The Bees roster will feature players strictly from Connecticut, which Smith said has helped ticket sales, and will boast a level of talent that might not have been available in previous seasons. Due to the other summer leagues being canceled entirely, Smith was able to pick up players from higher-level collegiate leagues who were suddenly in need of a new place to play.
In addition to Hughes, there’s New Britain High alum Danniel Rivera, CCSU infielder Noah Martinez, UConn outfielder Zach Donahue, and Boston College pitchers Brad Lombardi and Joe Mancini to name a few. New Britain did lose two players before the start of the season. University of New Haven outfielder Matt Chamberlin signed with the St. Louis Cardinals as an undrafted free agent, while Fordham infielder Jake Mackenzie signed with the Boston Red Sox
“All eyes are going to be on us because there is no other baseball to watch,” Hughes said. “Scouts are going to be coming to our games just to get out of the house. As long as we catch their eyes, that’s the goal. But with all the stuff going on, it’s just nice to be able to play and get out and entertain whatever people we can.”

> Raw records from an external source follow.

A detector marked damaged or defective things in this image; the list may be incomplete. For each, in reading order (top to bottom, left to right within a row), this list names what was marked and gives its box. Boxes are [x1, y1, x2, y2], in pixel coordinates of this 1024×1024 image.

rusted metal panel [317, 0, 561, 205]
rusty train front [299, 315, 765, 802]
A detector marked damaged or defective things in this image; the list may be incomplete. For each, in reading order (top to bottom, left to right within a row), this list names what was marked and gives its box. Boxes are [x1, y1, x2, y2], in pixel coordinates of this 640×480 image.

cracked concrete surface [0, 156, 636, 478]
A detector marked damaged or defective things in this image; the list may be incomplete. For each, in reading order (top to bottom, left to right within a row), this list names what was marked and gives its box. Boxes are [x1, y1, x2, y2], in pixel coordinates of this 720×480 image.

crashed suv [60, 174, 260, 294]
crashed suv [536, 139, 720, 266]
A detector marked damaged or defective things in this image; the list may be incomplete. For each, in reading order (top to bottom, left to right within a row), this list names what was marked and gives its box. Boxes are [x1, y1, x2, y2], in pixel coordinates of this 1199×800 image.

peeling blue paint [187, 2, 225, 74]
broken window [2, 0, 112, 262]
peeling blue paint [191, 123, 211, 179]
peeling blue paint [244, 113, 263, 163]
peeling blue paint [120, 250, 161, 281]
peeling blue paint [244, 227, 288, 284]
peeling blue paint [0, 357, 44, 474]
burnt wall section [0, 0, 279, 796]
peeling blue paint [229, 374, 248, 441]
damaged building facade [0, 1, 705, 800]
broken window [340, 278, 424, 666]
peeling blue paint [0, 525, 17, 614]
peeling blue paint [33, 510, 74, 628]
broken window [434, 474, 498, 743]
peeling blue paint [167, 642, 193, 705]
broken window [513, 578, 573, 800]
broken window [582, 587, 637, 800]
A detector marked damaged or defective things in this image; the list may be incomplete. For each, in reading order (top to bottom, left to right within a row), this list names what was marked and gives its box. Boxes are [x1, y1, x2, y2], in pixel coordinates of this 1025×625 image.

And while the Bees are going to enjoy being able to take the field again, they’re goal as if they were playing a whole season hasn’t changed.
“If you’re going out there to just compete, that isn’t enough all the time,” Guarino said. “Our goal is to win the league. I think everyone is on board with that and play the best baseball we can. … You’re playing to play your best baseball and see where the chips fall and if you come out on top in August.”